# Work request
Only one span of the listing below should come back. It runs from the line with "Siyah Baskılı T-shirt" through the line with "NOW Foods - Better", and each of its lines must be reproduced exactly.
===== Task input =====
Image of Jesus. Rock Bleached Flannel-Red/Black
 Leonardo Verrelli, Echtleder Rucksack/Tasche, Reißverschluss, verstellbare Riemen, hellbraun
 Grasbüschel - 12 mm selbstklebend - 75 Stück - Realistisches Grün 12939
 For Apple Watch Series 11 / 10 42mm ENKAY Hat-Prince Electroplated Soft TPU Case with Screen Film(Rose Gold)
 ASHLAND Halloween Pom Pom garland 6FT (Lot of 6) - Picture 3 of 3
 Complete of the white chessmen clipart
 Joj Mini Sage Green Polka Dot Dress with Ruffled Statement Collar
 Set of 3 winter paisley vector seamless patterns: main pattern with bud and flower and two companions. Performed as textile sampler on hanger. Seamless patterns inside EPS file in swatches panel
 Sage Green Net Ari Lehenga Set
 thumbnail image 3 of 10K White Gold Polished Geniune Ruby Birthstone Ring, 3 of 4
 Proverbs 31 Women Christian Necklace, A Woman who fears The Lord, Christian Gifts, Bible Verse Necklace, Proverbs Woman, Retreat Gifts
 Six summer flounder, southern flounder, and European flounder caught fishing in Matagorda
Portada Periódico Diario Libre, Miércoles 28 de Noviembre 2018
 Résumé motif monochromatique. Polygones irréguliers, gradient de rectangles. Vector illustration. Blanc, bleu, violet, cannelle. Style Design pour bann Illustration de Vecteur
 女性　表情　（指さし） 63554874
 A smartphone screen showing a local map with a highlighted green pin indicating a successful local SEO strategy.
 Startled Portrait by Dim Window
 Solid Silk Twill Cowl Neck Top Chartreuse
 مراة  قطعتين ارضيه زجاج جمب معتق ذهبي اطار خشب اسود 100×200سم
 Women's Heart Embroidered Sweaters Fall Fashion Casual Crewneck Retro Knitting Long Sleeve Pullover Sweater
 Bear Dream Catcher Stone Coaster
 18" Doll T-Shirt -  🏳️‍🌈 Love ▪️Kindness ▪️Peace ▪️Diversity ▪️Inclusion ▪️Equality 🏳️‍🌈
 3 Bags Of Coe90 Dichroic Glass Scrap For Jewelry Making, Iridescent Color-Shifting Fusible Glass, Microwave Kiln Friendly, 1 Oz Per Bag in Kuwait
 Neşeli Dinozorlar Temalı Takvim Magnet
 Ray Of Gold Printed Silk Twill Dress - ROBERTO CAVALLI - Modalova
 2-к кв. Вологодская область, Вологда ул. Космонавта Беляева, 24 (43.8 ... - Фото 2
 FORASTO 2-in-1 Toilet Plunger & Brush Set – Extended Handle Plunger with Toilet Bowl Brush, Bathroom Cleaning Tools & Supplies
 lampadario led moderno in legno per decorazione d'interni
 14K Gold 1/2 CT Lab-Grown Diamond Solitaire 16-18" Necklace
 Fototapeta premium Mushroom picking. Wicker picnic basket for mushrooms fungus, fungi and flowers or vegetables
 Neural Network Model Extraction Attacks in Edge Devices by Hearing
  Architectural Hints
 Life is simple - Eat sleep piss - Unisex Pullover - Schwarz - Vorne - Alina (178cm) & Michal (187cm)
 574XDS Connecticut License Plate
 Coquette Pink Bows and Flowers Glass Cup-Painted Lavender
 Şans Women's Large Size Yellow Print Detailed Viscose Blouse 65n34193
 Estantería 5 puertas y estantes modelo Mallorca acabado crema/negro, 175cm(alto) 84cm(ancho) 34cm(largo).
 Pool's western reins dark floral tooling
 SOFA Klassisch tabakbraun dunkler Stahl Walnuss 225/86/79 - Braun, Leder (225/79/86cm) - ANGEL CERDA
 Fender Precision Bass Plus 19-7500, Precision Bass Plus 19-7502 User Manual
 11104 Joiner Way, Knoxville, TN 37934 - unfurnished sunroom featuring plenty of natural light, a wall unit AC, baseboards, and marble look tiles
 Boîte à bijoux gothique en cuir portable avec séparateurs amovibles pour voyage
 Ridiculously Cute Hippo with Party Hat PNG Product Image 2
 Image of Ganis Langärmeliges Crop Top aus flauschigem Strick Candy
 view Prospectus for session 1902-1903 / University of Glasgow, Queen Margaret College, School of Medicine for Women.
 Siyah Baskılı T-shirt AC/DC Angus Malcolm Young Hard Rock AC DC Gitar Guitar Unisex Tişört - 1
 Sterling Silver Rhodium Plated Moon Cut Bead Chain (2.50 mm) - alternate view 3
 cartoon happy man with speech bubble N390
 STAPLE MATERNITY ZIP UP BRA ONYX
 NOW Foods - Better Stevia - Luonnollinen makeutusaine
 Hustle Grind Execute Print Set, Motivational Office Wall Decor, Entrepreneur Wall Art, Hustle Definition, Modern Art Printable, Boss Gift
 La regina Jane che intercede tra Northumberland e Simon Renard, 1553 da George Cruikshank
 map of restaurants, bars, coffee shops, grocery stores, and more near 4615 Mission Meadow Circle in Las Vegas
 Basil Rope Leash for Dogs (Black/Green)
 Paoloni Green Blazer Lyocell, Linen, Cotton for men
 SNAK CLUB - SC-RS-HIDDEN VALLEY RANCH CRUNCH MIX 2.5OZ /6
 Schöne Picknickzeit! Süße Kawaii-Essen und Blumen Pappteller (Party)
=====
# Expected answer
 Siyah Baskılı T-shirt AC/DC Angus Malcolm Young Hard Rock AC DC Gitar Guitar Unisex Tişört - 1
 Sterling Silver Rhodium Plated Moon Cut Bead Chain (2.50 mm) - alternate view 3
 cartoon happy man with speech bubble N390
 STAPLE MATERNITY ZIP UP BRA ONYX
 NOW Foods - Better Stevia - Luonnollinen makeutusaine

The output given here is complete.